**Data below:**
● ● ● ● ●

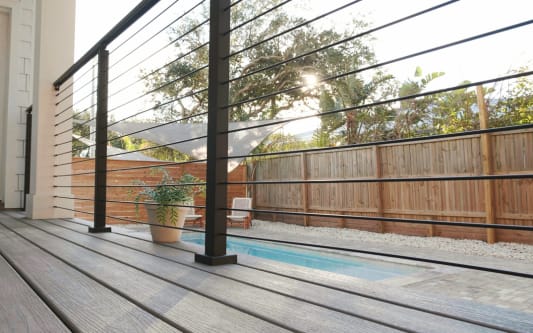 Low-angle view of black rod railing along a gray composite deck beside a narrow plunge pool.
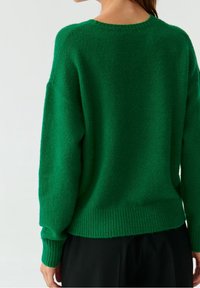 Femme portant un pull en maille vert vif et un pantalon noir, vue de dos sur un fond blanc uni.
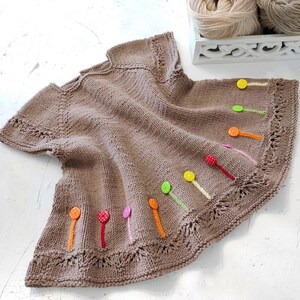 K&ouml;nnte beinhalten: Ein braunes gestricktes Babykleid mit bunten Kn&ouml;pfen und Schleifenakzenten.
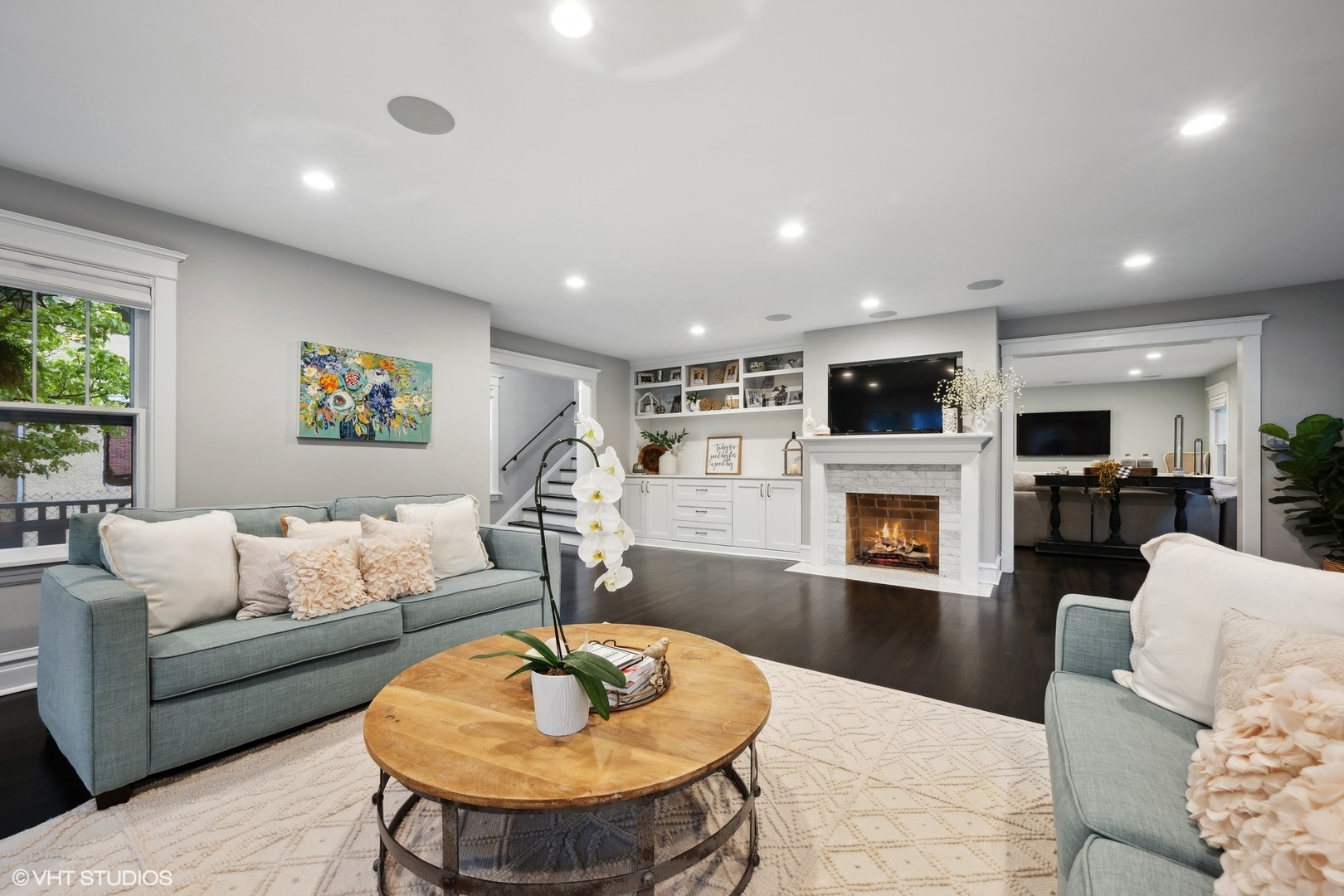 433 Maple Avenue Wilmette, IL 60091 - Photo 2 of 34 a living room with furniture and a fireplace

● ● ● ● ●

**Task to complete:**
Exact copies of the lines from the one containing "Femme portant un" through the final line of the data are required; pictures are to be omitted.

**Exercise result:**
 Femme portant un pull en maille vert vif et un pantalon noir, vue de dos sur un fond blanc uni.
 K&ouml;nnte beinhalten: Ein braunes gestricktes Babykleid mit bunten Kn&ouml;pfen und Schleifenakzenten.
 433 Maple Avenue Wilmette, IL 60091 - Photo 2 of 34 a living room with furniture and a fireplace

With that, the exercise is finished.